# Curvature of implicit equation

• Jan 4th 2013, 08:56 AM
PStudent175
Curvature of implicit equation
Hi,

I need to find the curvature k of y=sqrt(R^2 - x^2)

I know k = |f''| / (1 + f' ^2) ^1.5

But I think I have gone somewhere with my differentiation as I didn't end up with k = 1/R which is the answer :/

Thanks in advance for the help.
• Jan 4th 2013, 09:17 AM
skeeter
Re: Curvature of implicit equation
Quote:

Originally Posted by PStudent175
Hi,

I need to find the curvature k of y=sqrt(R^2 - x^2)

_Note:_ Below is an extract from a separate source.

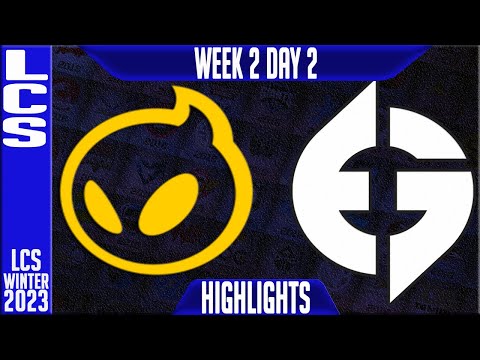 DIG vs EG Highlights | LCS Winter 2023 W2D2 | Dignitas vs Evil Geniuses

I know k = |f''| / (1 + f' ^2) ^1.5

But I think I have gone somewhere with my differentiation as I didn't end up with k = 1/R which is the answer :/

Thanks in advance for the help.

$\displaystyle y^2 = R^2 - x^2$

$\displaystyle y' = -\frac{x}{y}$

$\displaystyle y'' = -\frac{R^2}{y^3}$

$\displaystyle k = \frac{\frac{R^2}{y^3}}{\left(1 + \frac{x^2}{y^2}\right)^{\frac{3}{2}}}$

clean up the algebra ...
• Jan 4th 2013, 09:21 AM
PStudent175
Re: Curvature of implicit equation
Sorry how did you get y' = -x/y ?

I got y' = f' = -x(R^2 - x^2)^-0.5 from the chain rule
• Jan 4th 2013, 09:30 AM
skeeter
Re: Curvature of implicit equation
implicit derivative ...

$\displaystyle \frac{d}{dx}(y^2 = R^2 - x^2)$ ... note that $\displaystyle R$ is a constant

$\displaystyle 2y \cdot y' = -2x$

$\displaystyle y' = \frac{-2x}{2y} = -\frac{x}{y}$
• Jan 4th 2013, 11:06 AM
PStudent175
Re: Curvature of implicit equation
Ok great thanks, could you also show how you got y'' = -R^2 / y^3 ?
• Jan 4th 2013, 11:18 AM
skeeter
Re: Curvature of implicit equation
$\displaystyle y' = -\frac{x}{y}$

quotient rule ...

$\displaystyle y'' = -\frac{y - xy'}{y^2}$

$\displaystyle y'' = -\frac{y - x\left(-\frac{x}{y}\right)}{y^2}$

$\displaystyle y'' = -\frac{y + \frac{x^2}{y}}{y^2}$

multiply numerator and denominator by $\displaystyle y$ to clear the complex fraction ...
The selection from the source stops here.